The science is starting to confirm what retailers have always grasped. What researchers call ‘flashbulb memories’ are particularly vivid and enduring moments in our mental recall which are more likely to come from surprising experiences. It seems our brains have evolved to hold on to the unusual.

Place brands have a duty to support retailers in their quest for serendipity by repositioning themselves to inspire it. Impressions begin the moment we emerge from the station, and a curious mindset makes people receptive to new experiences (and purchases).

We observed this recently with our place brand for Mayfair Quarter — a shopping, dining and wellness quarter hidden in plain sight along London’s Bond Street. Full of hidden courtyards and intriguing passages, it was by leaning into all this unexpectedness that we were able to unlock the brand concept.

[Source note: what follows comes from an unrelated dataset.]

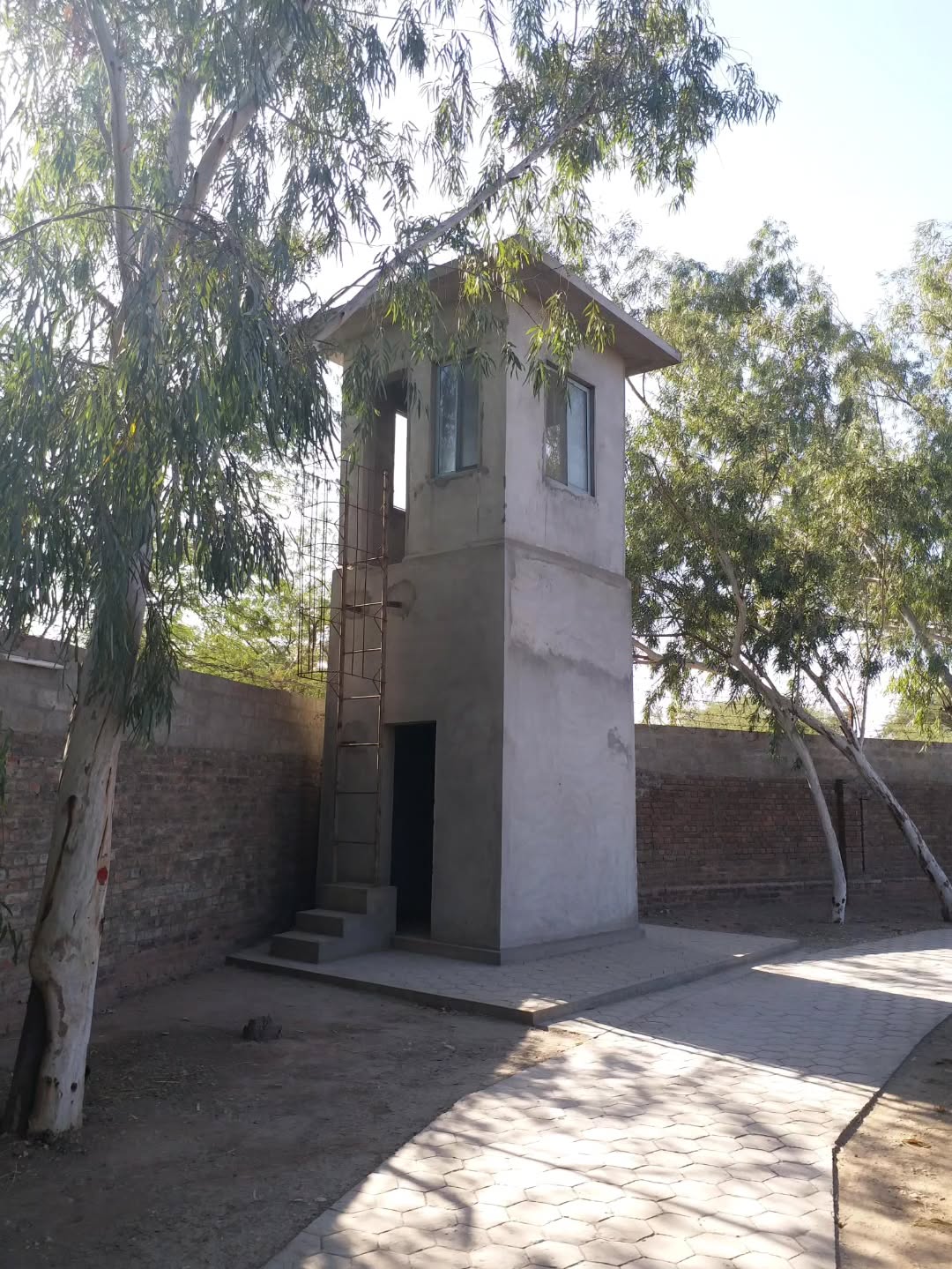 “The Other Storey” (2018) is a site-specific installation created during the Pioneer Cement Residency, facilitated by... — image 2. Images [1-4]: painted watchtower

We crafted an identity that appeals to people’s natural instinct to seek the unknown, beckoning visitors to ‘step into extraordinary’. It’s an invitation to discover, and a welcome for Soho House and luxury fashion brands now moving in.

Such surprise is a powerful way of getting people to connect with a place. It’s also a natural probiotic for human wellbeing — Gallup’s State of the Global Workplace 2024 report highlights how fully remote employees suffer more from a mental-health perspective.

Such findings suggest we thrive less when we stop organically exploring. So making surprise part of your social impact objectives might just be an opportunity to stand out in an industry struggling to break free from ‘coffee shop’ messaging. It’s an interesting thought.

But invitation alone isn’t enough.

Yes, set it at the heart of your story, but you must also deliver it through action. You are likely already thinking about activation for your place — but are you considering surprise?

“Impressions begin the moment we emerge from the station, and a curious mindset makes people receptive to new experiences (and purchases)"

The first element is enjoying surprise in design and activation. This could be through culture — in Sheffield’s ‘Look Up!’ exhibition, for example, artworks were revealed to visitors only as they held their phones up at certain points in the city.

The second is brand messaging and wayfinding. Can you incorporate elements of discovery to nudge people towards unexpectedness? A puzzle, a code, a riddle — we can be so much braver with signage if we’re willing to see it as a carrier of the brand character, not just information. Setting this spirit at the heart of your marketing is how you continue to remind people of the value of that sheer human thrill of stumbling upon something and bumping into someone.

Thirdly, unexpected partnerships can add original flavour to the impressions your customers leave with. Coffee shops are great, but what about local institutions, community organisations or sports teams? What equity can you leverage in their reputations and associations that could flip perceptions of your place? 

In a codified world, genuine unexpectedness is becoming scarce. But people are gripped by what they don’t expect, not by what they do. And that’s surprisingly valuable.